To do | Transcribe the entries below word for word, beginning at the line with "SabrinViolet online show from 09.15.25" and stopping after the line with "Building Photo - 2423 Rosillos Peak Dr"; drop all pictures.

Stored data |
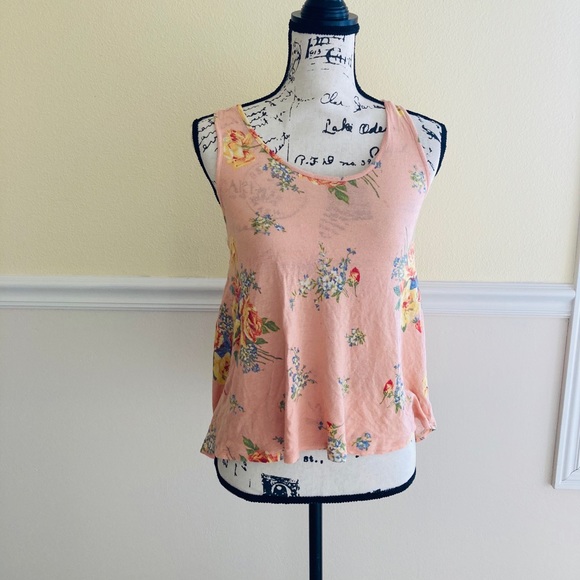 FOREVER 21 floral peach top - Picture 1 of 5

* * *

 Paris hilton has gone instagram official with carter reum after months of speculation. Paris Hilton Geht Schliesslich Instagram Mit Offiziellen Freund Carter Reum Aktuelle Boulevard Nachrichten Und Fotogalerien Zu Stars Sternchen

---

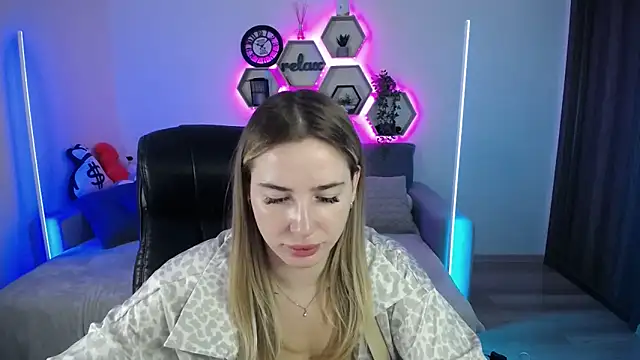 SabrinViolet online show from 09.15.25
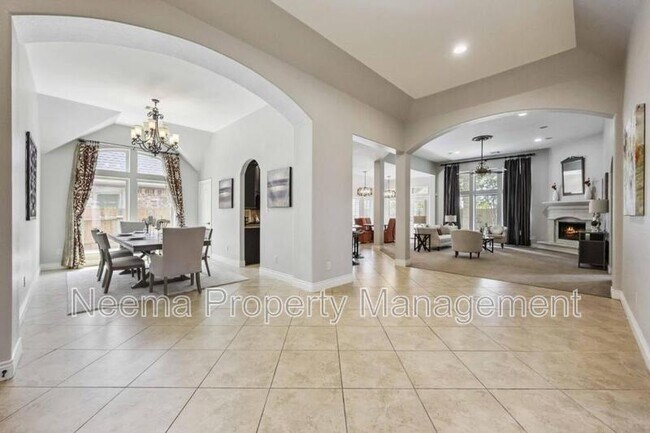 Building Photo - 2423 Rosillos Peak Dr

Task solution |
 SabrinViolet online show from 09.15.25
 Building Photo - 2423 Rosillos Peak Dr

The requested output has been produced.